The inverse transformation pipeline then applies inverse_transform_attributes() to decode attributes from their internal representation, and inverse_transform_features() to decode features. For continuous features with per-example scaling, the additional attributes (midpoint, half-range) are used to reverse the per-example normalization before global inverse scaling. For discrete features, one-hot encoding is inverted via argmax and binary encoding is inverted via thresholding at 0.5.

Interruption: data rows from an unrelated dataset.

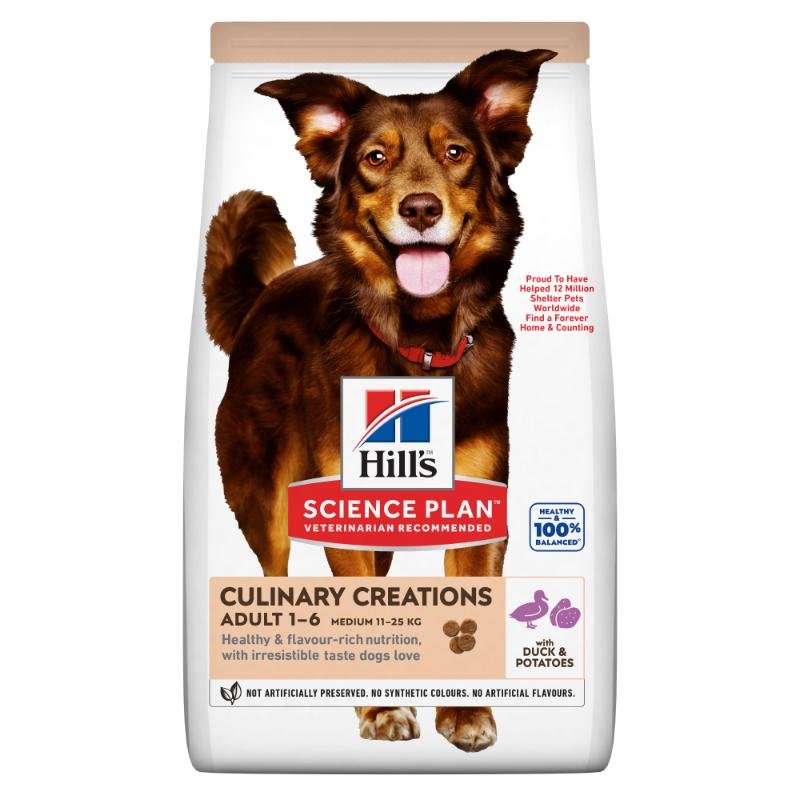 Hill's Science Plan Culinary Creations Medium Adult Dog Food 2.5 kg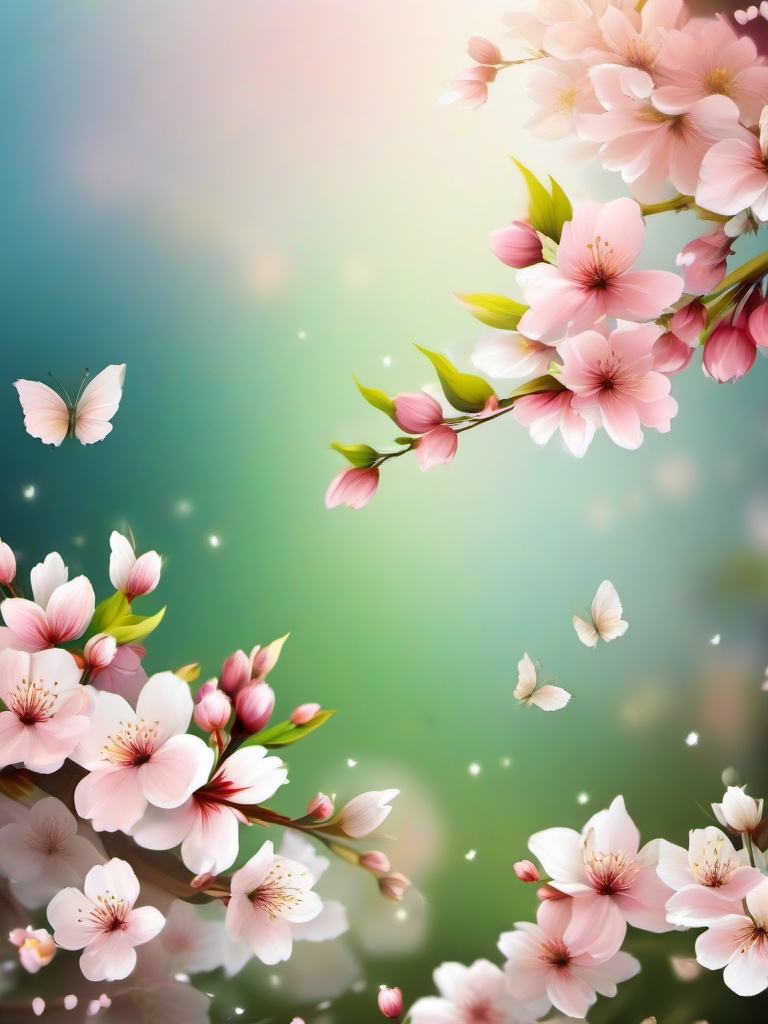 spring blossom background  ,background wallpaper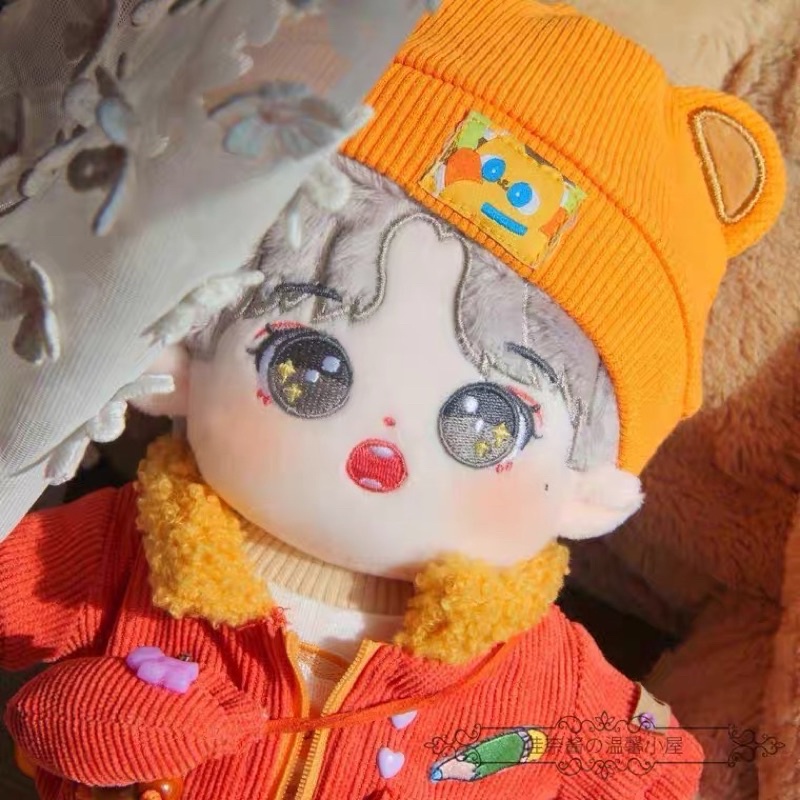 Cai Xukun ตุ๊กตา Cai Xukun 20 ซม. ลูกเด็กไม่มีเสื้อผ้า Naked Baby Cai Xukun Daigou สินค้า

The companion generate_dataframe() method calls generate_numpy() and then uses the stored data_frame_converter to reconstruct a DataFrame matching the original training format.
Usage
Call after training. Specify either n (number of examples) or explicit noise tensors for controlled generation.
Code Reference
Source Location
- Repository: gretel-synthetics
- File:
src/gretel_synthetics/timeseries_dgan/dgan.py - Lines: 538-638 (generate_numpy), 640-663 (generate_dataframe), 958-981 (_generate)
- File:
src/gretel_synthetics/timeseries_dgan/transformations.py - Lines: 712-735 (inverse_transform_attributes), 738-812 (inverse_transform_features)
Signature
def generate_numpy(
self,
n: Optional[int] = None,
attribute_noise: Optional[torch.Tensor] = None,
feature_noise: Optional[torch.Tensor] = None,
) -> AttributeFeaturePair:
def generate_dataframe(
self,
n: Optional[int] = None,
attribute_noise: Optional[torch.Tensor] = None,
feature_noise: Optional[torch.Tensor] = None,
) -> pd.DataFrame:
def _generate(
self, attribute_noise: torch.Tensor, feature_noise: torch.Tensor
) -> NumpyArrayTriple:
Import
from gretel_synthetics.timeseries_dgan.dgan import DGAN
I/O Contract
Inputs (generate_numpy)
| Name | Type | Required | Description |
|---|---|---|---|
| n | Optional[int] | No | Number of synthetic examples to generate; provide either n or both noise tensors |
| attribute_noise | Optional[torch.Tensor] | No | Custom attribute noise tensor of shape (n, attribute_noise_dim) |
| feature_noise | Optional[torch.Tensor] | No | Custom feature noise tensor of shape (n, max_sequence_len/sample_len, feature_noise_dim) |
Inputs (generate_dataframe)
| Name | Type | Required | Description |
|---|---|---|---|
| n | Optional[int] | No | Number of synthetic examples to generate |
| attribute_noise | Optional[torch.Tensor] | No | Custom attribute noise tensor |
| feature_noise | Optional[torch.Tensor] | No | Custom feature noise tensor |
Outputs (generate_numpy)
| Name | Type | Description |
|---|---|---|
| attributes | Optional[np.ndarray] | 2D array of shape (n, num_attributes) in original data space; None if model has no attributes |
| features | list[np.ndarray] | List of n 2D arrays, each of shape (max_sequence_len, num_features) in original data space |
Outputs (generate_dataframe)
| Name | Type | Description |
|---|---|---|
| df | pd.DataFrame | DataFrame in the same format as the training DataFrame, with attribute columns, feature columns, and optionally example_id and time columns |
Usage Examples
Basic Example
import numpy as np
from gretel_synthetics.timeseries_dgan.dgan import DGAN
from gretel_synthetics.timeseries_dgan.config import DGANConfig
# Assume model is already trained
config = DGANConfig(max_sequence_len=20, sample_len=5, batch_size=1000, epochs=10)
model = DGAN(config)
attributes = np.random.rand(10000, 3)
features = np.random.rand(10000, 20, 2)
model.train_numpy(attributes=attributes, features=features)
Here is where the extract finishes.